TRY IT => Every line of the material is to be transcribed verbatim, with images omitted.

GIVEN DATA =>
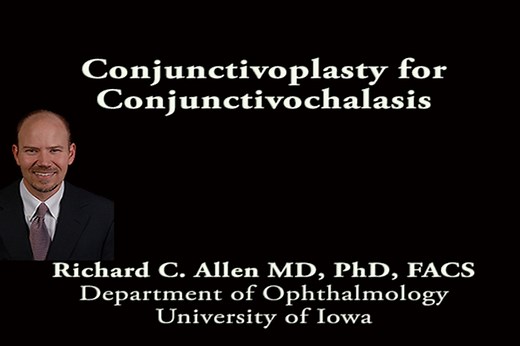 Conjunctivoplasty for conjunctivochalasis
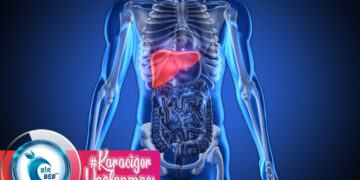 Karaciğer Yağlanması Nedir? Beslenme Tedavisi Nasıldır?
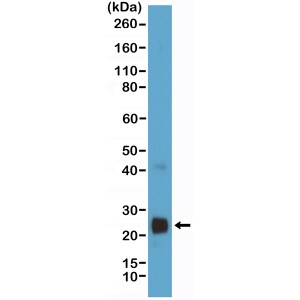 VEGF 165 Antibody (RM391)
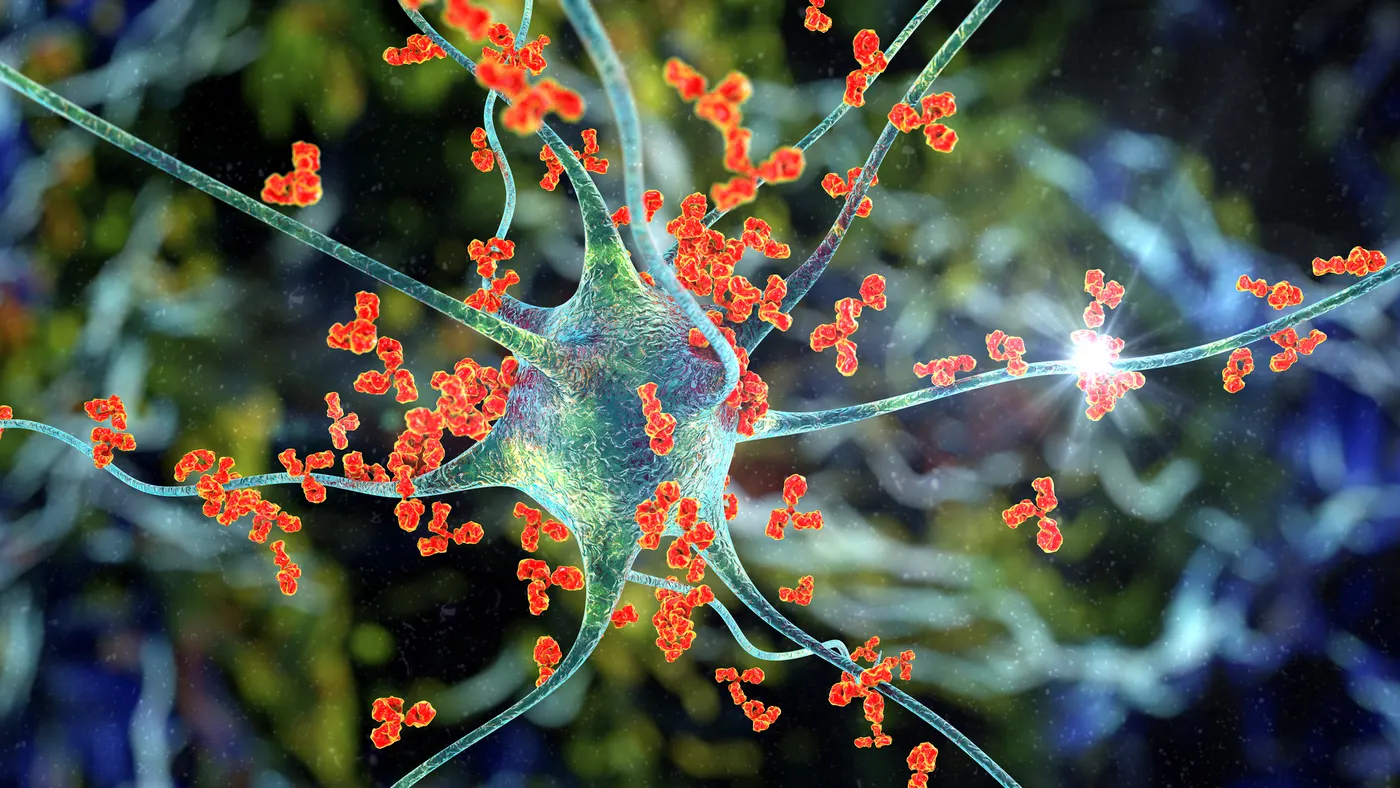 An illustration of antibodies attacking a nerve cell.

YOUR SOLUTION =>
 Conjunctivoplasty for conjunctivochalasis
 Karaciğer Yağlanması Nedir? Beslenme Tedavisi Nasıldır?
 VEGF 165 Antibody (RM391)
 An illustration of antibodies attacking a nerve cell.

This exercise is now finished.